Una actitud semejante, aunque ambigua y a veces caótica, es la que ha
adoptado respecto a las tensiones territoriales. La situación es cada vez
más tensa y de no fácil salida. La propia monarquía ha sido cuestionada y la
insolidaridad entre regiones es notoria. Muchos españoles tendrán presente
este callejón sin aparente salida, a la hora de depositar su voto el mes de
marzo. Pero lo más grave de esta legislatura ha sido el enfrentamiento entre
ciudadanos, suscitado por cuestiones morales de fondo, como el matrimonio
homosexual, la Ley de Memoria histórica, la debilitación de la legislación
educativa y, sobre todo, el lanzamiento de la Educación para la ciudadanía,
difícilmente justificable en una democracia.
La labor de erosión social llevada a cabo por el Gobierno de Rodríguez
Zapatero no ha encontrado una respuesta válida en la oposición de
centro-derecha. Y esta falta de habilidad constituye también una suerte de
prolongación de actitudes que ya se registraron en torno al 11-M, y tuve a
la sazón oportunidad de señalar. El Partido Popular, cuyas posturas son más
sensatas que las de los socialistas y que cuenta en sus filas con elementos
valiosos, se ha quedado frecuentemente enganchado en polémicas que, al cabo,
no le favorecían.
Ha dado a veces una imagen de intemperancia que realmente acusaba más bien
la debilidad de su estrategia y la ausencia de un proyecto alentador e
interesante para los ciudadanos. La desatención hacia la cultura, la
educación y la opinión pública es una constante de cierto conservadurismo
más atento a la economía y a la cuestión territorial que a la vida diaria de
los españoles y a la vigencia de los valores éticos en la vida pública. Ya
en situación de precampaña electoral, les seguimos oyendo hablar de
competitividad y de la unidad de España, temas ambos de indudable
importancia, por más que se trate de cuestiones que inquietan mayormente a
votantes fieles al PP y van a arrancar pocas adhesiones fuera de las ya
consolidadas. Mientras tanto, los socialistas están planteando la
confrontación de manera simétrica: con ofertas electoralistas referidas a la
familia, a los jóvenes, a los emigrantes y a los peor situados
económicamente. Se atribuye a un miembro del Gobierno el siguiente
comentario: «Vamos a adelantar al PP por la derecha, y ni siquiera se van a
enterar». Al menos, no parecen haberse percatado hasta el momento. La
consabida llamada de atención que en unas elecciones de Estados Unidos
podría traducirse así: «¡Es la familia, imbécil!»
Las próximas elecciones
Una segunda legislatura del PSOE supondría consagrar los efectos
perjudiciales de la catástrofe del 11-M. Mas, para evitar este riesgo, es
imprescindible una toma de conciencia más aguda, por parte de los ciudadanos
responsables, de la importancia de las costumbres, las ideas, la enseñanza y
la cultura, asuntos más básicos que la buena marcha de la economía e incluso
que el orden público. Es mucho lo que nos jugamos dentro de cuatro meses.

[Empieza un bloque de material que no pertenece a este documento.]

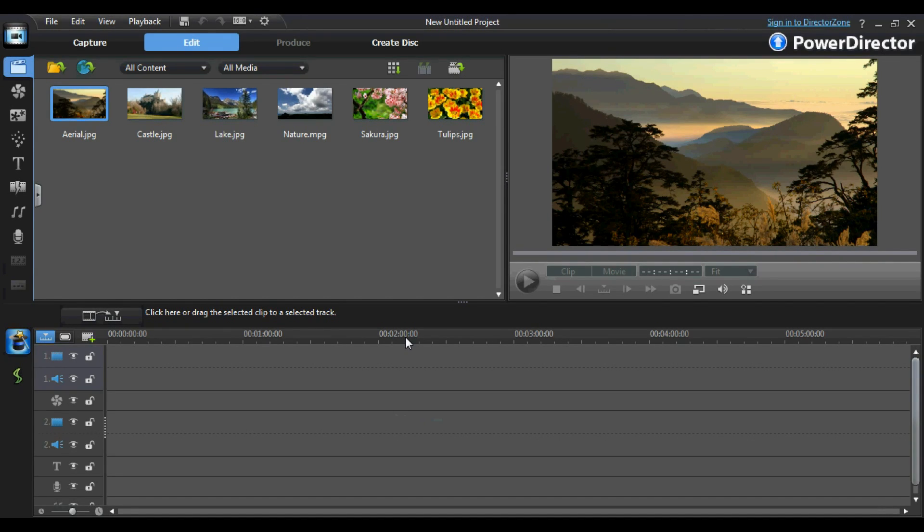Hello. Today I'm going to be giving you an in-depth tutorial on how to use CyberLink PowerDirector 9.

Por otra parte, el Partido Popular, que dejó pasar la oportunidad de su
renovación a fondo tras el varapalo de marzo de 2004, debe adecuar su
estrategia, su mensaje, su programa y su imagen a la España real a la que se
dirige, a la voz de la calle, a las vivencias y opiniones de la gente
corriente y común.
La aceleración y complejidad del discurrir de la sociedad actual hacen que
el acaecer de estos pocos años transcurridos tras el 11-M, la historia más
reciente de España pueda convertirse en maestra de nuestra vida pública.
Permanezcamos atentos a sus enseñanzas.